Ohio State researchers are among the scientific leaders that have just been awarded a total of $218 million in funding from the Department of Energy (DOE) in the important emerging field of Quantum Information Science (QIS).  The awards were made in conjunction with the White House Summit on Advancing American Leadership in QIS, highlighting the high priority that the Administration places on advancing this multidisciplinary area of research, which is expected to lay the foundation for the next generation of computing and information processing as well as an array of other innovative technologies. The Ohio State effort is led by Prof. Ezekiel Johnston-Halperin, Department of Physics, and joins a team led by Prof. Greg Fuchs (Applied Physics, Cornell), along with Profs. Dan Ralph (Physics, Cornell) and Michael Flatté (Physics, University of Iowa). The full announcement from DOE can be found here.
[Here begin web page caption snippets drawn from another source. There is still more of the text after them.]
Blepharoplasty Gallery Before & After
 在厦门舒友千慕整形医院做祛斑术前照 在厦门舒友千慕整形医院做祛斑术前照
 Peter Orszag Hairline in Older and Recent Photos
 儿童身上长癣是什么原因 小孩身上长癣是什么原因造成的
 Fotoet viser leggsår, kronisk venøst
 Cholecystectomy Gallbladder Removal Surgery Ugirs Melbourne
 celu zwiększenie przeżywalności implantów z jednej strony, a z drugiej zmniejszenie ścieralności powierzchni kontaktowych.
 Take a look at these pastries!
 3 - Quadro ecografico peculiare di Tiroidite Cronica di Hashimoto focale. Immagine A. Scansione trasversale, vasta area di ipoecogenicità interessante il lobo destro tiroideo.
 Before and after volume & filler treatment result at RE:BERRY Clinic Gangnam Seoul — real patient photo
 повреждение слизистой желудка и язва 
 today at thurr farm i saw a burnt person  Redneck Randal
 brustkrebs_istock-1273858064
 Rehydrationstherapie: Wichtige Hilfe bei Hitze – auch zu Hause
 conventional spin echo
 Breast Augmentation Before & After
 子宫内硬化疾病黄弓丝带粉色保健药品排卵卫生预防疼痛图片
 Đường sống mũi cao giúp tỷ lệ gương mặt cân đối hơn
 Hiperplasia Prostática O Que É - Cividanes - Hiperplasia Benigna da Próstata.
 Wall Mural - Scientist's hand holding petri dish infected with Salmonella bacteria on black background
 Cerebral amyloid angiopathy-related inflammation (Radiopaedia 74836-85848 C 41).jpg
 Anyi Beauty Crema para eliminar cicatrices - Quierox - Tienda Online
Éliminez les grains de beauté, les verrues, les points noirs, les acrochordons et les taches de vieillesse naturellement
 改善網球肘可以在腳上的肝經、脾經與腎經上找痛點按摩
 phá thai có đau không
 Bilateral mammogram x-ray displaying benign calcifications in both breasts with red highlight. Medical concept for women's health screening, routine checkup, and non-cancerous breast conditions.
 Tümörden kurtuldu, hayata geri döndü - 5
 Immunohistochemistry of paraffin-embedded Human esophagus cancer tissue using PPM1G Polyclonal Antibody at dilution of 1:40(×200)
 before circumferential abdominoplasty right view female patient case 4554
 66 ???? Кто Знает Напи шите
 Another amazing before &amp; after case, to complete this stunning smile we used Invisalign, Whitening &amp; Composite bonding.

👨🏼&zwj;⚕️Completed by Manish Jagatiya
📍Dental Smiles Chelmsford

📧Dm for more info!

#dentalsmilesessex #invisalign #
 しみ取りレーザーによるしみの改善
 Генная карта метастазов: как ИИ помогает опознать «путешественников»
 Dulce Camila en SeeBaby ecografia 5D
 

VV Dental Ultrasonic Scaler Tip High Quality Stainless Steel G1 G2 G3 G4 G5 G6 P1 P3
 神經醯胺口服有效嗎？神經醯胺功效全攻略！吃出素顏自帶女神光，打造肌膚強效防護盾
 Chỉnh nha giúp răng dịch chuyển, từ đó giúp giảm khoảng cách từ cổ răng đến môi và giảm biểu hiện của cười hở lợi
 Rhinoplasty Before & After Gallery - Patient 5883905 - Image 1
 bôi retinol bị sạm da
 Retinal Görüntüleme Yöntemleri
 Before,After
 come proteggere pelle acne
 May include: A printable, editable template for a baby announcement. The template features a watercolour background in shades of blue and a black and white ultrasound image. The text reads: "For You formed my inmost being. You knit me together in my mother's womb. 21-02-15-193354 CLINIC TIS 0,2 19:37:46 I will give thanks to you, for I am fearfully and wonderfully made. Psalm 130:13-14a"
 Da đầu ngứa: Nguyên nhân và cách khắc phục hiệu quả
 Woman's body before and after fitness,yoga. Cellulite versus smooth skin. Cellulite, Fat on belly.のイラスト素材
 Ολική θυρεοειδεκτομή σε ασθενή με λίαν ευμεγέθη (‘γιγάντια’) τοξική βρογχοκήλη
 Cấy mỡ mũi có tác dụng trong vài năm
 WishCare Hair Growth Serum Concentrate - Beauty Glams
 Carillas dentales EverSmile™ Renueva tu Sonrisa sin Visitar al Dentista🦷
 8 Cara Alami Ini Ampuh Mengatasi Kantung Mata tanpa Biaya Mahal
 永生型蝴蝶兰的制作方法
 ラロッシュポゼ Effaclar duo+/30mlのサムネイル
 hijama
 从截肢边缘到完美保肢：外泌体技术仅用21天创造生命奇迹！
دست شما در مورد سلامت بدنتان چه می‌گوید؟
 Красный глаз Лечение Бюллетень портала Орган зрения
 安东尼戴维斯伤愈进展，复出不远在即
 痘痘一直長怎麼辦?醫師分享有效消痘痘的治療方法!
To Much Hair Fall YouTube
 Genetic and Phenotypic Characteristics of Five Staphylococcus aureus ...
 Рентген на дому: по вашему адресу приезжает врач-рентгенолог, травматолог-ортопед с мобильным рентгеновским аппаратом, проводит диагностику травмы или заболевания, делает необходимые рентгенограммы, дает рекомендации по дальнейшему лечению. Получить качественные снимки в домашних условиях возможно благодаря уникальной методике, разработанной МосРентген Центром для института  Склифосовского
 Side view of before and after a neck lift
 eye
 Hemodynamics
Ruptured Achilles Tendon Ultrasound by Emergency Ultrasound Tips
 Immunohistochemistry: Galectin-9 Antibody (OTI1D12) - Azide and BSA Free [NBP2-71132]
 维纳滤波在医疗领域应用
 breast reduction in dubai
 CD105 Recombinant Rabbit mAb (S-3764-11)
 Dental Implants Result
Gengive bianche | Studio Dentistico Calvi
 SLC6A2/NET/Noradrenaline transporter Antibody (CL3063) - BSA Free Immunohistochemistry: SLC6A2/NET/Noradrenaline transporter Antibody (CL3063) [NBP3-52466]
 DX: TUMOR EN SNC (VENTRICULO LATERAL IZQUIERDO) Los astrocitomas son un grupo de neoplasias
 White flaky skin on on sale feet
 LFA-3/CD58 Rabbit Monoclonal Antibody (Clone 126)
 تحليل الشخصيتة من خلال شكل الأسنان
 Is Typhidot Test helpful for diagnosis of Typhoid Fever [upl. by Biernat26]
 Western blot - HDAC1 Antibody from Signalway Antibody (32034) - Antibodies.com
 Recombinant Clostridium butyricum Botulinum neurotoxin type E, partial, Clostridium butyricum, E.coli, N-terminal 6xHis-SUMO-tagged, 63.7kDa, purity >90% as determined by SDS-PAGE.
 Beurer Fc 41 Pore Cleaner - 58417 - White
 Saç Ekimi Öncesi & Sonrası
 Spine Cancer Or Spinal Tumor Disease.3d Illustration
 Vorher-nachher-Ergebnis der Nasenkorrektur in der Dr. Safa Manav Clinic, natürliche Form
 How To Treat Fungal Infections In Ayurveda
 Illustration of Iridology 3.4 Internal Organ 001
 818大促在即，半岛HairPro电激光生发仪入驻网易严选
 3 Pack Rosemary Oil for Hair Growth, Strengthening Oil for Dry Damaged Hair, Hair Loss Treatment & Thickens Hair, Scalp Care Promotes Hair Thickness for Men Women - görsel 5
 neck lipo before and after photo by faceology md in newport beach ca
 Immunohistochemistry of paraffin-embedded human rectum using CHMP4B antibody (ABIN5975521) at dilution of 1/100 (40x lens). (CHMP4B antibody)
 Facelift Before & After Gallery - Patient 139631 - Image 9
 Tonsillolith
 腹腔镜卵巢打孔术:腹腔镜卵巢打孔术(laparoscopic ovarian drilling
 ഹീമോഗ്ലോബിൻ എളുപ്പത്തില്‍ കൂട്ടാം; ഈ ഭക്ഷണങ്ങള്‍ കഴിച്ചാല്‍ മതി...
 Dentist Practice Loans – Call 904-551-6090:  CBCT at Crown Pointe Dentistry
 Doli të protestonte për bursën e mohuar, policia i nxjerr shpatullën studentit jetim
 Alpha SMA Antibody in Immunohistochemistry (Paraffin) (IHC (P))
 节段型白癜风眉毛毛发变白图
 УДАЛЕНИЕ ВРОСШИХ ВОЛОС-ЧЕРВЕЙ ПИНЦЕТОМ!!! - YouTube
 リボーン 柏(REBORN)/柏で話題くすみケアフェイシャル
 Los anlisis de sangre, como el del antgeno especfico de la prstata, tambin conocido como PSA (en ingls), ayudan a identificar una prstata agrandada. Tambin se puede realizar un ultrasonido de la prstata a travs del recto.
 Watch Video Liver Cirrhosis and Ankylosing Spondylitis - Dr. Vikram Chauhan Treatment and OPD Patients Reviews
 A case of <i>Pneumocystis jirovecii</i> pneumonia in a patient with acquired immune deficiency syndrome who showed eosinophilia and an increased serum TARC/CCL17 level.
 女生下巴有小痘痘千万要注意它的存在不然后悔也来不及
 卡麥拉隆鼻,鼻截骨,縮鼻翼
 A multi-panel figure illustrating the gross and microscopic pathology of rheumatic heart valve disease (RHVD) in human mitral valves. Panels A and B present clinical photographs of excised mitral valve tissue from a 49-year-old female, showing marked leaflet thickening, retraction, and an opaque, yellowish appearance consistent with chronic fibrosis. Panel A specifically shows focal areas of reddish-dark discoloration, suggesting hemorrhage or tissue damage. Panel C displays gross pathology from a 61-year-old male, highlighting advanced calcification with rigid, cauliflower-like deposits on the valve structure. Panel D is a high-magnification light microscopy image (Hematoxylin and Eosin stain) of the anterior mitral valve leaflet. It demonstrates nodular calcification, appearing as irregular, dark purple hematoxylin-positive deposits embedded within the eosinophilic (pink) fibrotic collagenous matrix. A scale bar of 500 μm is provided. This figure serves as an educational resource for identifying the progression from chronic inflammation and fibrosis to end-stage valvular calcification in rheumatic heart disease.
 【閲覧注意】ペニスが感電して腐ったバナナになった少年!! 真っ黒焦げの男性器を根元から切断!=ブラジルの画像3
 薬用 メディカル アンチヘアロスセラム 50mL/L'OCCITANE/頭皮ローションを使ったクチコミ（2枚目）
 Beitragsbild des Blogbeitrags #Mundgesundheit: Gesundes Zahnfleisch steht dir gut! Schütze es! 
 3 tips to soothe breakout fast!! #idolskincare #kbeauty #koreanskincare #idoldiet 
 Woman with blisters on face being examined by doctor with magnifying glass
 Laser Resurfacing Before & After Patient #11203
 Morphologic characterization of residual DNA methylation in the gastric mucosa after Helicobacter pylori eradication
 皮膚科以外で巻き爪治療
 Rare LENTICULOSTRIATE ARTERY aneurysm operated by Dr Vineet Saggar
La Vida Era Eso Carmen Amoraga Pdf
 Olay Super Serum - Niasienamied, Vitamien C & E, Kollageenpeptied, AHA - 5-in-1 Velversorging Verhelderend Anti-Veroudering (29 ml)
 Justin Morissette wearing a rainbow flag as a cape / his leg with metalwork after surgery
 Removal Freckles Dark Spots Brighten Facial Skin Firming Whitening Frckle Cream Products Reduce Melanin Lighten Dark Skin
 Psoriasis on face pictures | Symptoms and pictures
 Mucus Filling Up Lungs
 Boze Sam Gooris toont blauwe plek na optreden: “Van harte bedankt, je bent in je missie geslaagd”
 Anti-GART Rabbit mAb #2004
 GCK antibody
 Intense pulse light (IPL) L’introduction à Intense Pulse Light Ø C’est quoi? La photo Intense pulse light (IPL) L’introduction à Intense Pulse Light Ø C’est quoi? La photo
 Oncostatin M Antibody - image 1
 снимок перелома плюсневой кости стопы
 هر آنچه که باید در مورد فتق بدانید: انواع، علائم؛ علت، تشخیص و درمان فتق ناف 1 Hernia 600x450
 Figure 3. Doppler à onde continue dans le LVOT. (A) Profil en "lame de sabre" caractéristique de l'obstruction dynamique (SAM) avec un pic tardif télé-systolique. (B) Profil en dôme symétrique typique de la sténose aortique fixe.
The contributions of the Ohio State team center around their ability to grow thin films of an organic-based magnetic material that has the potential to play a major role in the emerging area of “hybrid quantum interfaces.” Recent news accounts have documented the exciting progress being made in the development of individual quantum bits (qubits) and their combination into simple quantum circuits, with major advances being reported by both academic researchers and industry (for example, IBM, Google, and D-Wave). However, the full power of QIS will come from having these individual quantum processors linked to other quantum sensors and distributed quantum networks. In analogy with classical computers, this challenge is similar to linking the CPU of an iPhone to a built-in accelerometer to detect motion and position, or using local networks to link the individual computers in a data center to provide the increased computing power that underlies the current revolution in “big data.”

The thin films developed by Prof. Johnston-Halperin’s research group are composed of organic molecules bonded to vanadium metal atoms, a material known as vanadium tetracyanoethylene (V[TCNE]₂), and are notable for the extremely high quality of their magnetic excitations. In the same way that a tuning fork will emit a pure tone when you hit it with your hand, magnetic materials will “ring” when hit with a pulsed magnetic field and the purity of the tone (ringing at only one frequency) and the lifetime of the ringing (how long until it goes quiet) measure the quality of the material. The essence of the team proposal is to exploit this ringing as a “quantum bus” to transfer information from one quantum system to another. For example, such a bus could couple a superconducting qubit (such as those being developed by the companies listed above) to an optical qubit that can exchange quantum information across the same optical fiber network that forms the backbone of modern telecommunications and networking. Following this analogy, the materials produced by Ohio State have demonstrated a purity of tone that is unprecedented, opening the door to the development of new QIS devices and hybrid quantum networks wherein individual quantum devices are optimized for functions such as computing, sensing, and communication and coordinated through the magnetic excitations in V[TCNE]₂.